Avverso il decreto la ricorrente articola due motivi di ricorso.
2.1. Con il primo motivo deduce il difetto di motivazione del provvedimento nella parte in cui omette di fornire risposte in ordine ai rilievi posti nei motivi d gravame, fondando la pericolosità sociale sul generico richiamo al contenuto del casellario giudiziario.
La mancanza di prove in ordine all’esistenza di mezzi di sostentamento in capo alla COGNOME – si assume – non costituisce, ex se, elemento sufficiente a fondare il giudizio di pericolosità sociale.
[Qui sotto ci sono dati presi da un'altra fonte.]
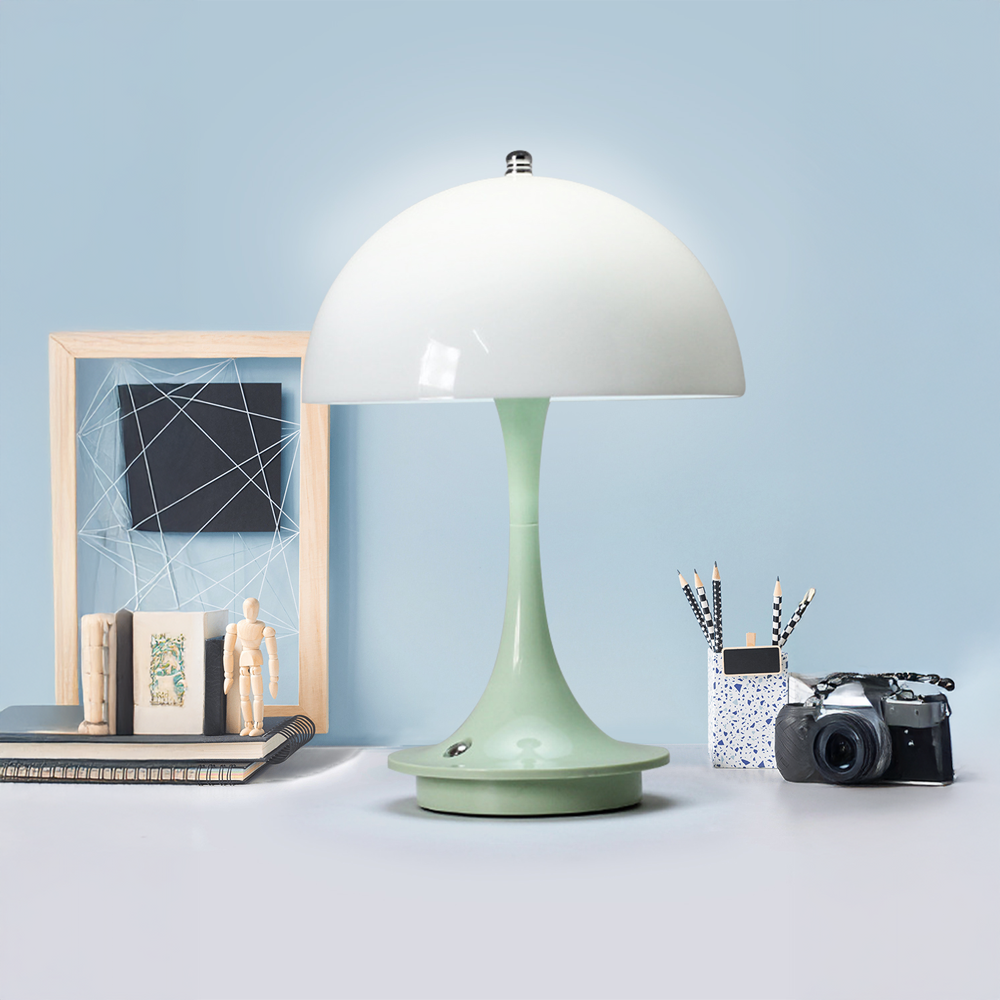 ElectraGlow™ | Modern LED Table Lamp for Home & Office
2.2. Con il secondo motivo si deduce violazione dell’art. 606 lett. b) cod. proc. pen. in relazione all’art. 1, comma 1, lett. b), del d.lgs. n. 159 del 2011.
Le conclusioni cui è giunta la Corte di appello sono in contrasto con l’art. 1, comma 1, lett. b), del d.lgs. n. 159 del 2011, tenuto conto che la COGNOME risulta condannata o avere in corso procedimenti relativamente a reati che hanno ad oggetto somme esigue ed inidonee a costituire fonte di sostentamento.
La decisione si pone in contrasto – si deduce – con la sentenza n. 24 del 2019 della Corte Costituzionale che ha chiarito come i “proventi” di attività delittuose debbano essere interpretati nel senso di richiedere la “realizzazione di attività delittuose che siano produttive di reddito illecito” e dalle quali sia scaturita un’effettiva derivazione di profitti illeciti, elemento carente nel caso di specie /in cui non vi è stato alcun accertamento teso ad evidenziare “una sproporzione tra redditi e investimenti realizzati”.
Con memoria del 8 maggio 2025 la difesa della ricorrente ribadisce la fondatezza dei motivi di ricorso chiedendone l’accoglimento.
CONSIDERATO IN DIRITTO
Il ricorso, in quanto generico e manifestamente infondato, deve essere dichiarato inammissibile.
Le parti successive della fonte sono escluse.